Fireproof was put out by Samuel Goldwyn Films, which also put out It Had to Be You and Lila and Eve, amongst many others. It was co-written and co-produced by Stephen and Alec Kendrick who also brought us Flywheel, Facing the Giants, Courageous, and War Room. This movie, starring Kirk Cameron and Erin Bethea, attempts to use a fictional story to present a solution to a problem plaguing the world—pornography and the breakdown of marriage.
It is obvious from the beginning of the movie Fireproof that the main characters (Caleb and Katherine) are suffering from a breakdown in communication. Caleb is selfish and self-centered and Katherine is operating from anger, frustration, bitterness, and hurt. The movie just jumps in at this point in their relationship, so one can only speculate as to how their relationship degenerated so far. We do see that deception played a key role in the relationship falling apart. According to John Stewart, “most acts of deception have unintended consequences” (Stewart, 2012, p. 331). Materialism also plays a part in the degeneration of the relationship. Caleb is both deceptive and materialistically selfish. Katherine discloses her feelings, but in doing so out of bitterness and anger, she provokes Caleb causing the situation to escalate. In her search for the love and intimacy she desires from her husband, Katherine compounds the problem by having an emotional affair at work. She becomes defensive because she is feeling guilt over the affair. Caleb is defensive because of his guilt over the pornography. Defensive behavior can be detrimental to relationships. “The person who behaves defensively, even though he also gives some attention to the common task, devotes an appreciable portion of his energy to defending himself” (Stewart, p. 353). It is only when Caleb abandons his defensive attitude that the relationship begins to turn around. In his decision to respond with love, no matter what Katherine says or does, his heart begins to change and he begins to see what he has done to the woman he once loved.
Now my analysis of this movie will not be a popular one with most generic article sites because of the inclusion of Christian principles. However, let me restate, my goal is not to push my Christian beliefs, but expose the message and agenda of the movie.
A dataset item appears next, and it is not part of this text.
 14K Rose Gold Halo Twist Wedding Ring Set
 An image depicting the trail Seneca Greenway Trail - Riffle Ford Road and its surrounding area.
It is in this context that viewers can decide if they truly want to spend money and time on this movie.
When proper self-disclosure occurred between the parties, the relationship improved. However, the self-discloser between Katherine and Caleb was not the turning point in the relationship. The turning point was when the communication between Caleb and God began. When Caleb realized how depraved and hopeless he was, and disclosed to God those feelings, he began to acknowledge his need for a Savior. When Caleb allowed God to change his heart, he could then love Katherine with a real love. He was able to introduce her to real love and Katherine then sought what Caleb had found.
Too often we put so much emphasis on interpersonal communication skills and being completely honest in relationships and finding victory through hopeless times. This emphasis is on a man-achieved victory when it should be on a God focused relationship that allows Christ to transform us from the inside out.
My recommendation is twofold. I both recommend and do not recommend this movie. First, if you are a Christian or if you are neutral on this form of faith, I recommend seeing this movie. Secondly, if you are offended or angered by biblical principles, this is NOT the movie for you.
Although some of the acting is weak, it is still well-done. The points the writers tried to relay are done so excellently. I, personally, was inspired by the movie, and whether a Christian or not, the story presents a viable solution to a very real problem. Whether adhering to Christianity or not, materialism, selfishness, and lust pose tremendous problems in relationships and must be counteracted with trust and acts of selflessness.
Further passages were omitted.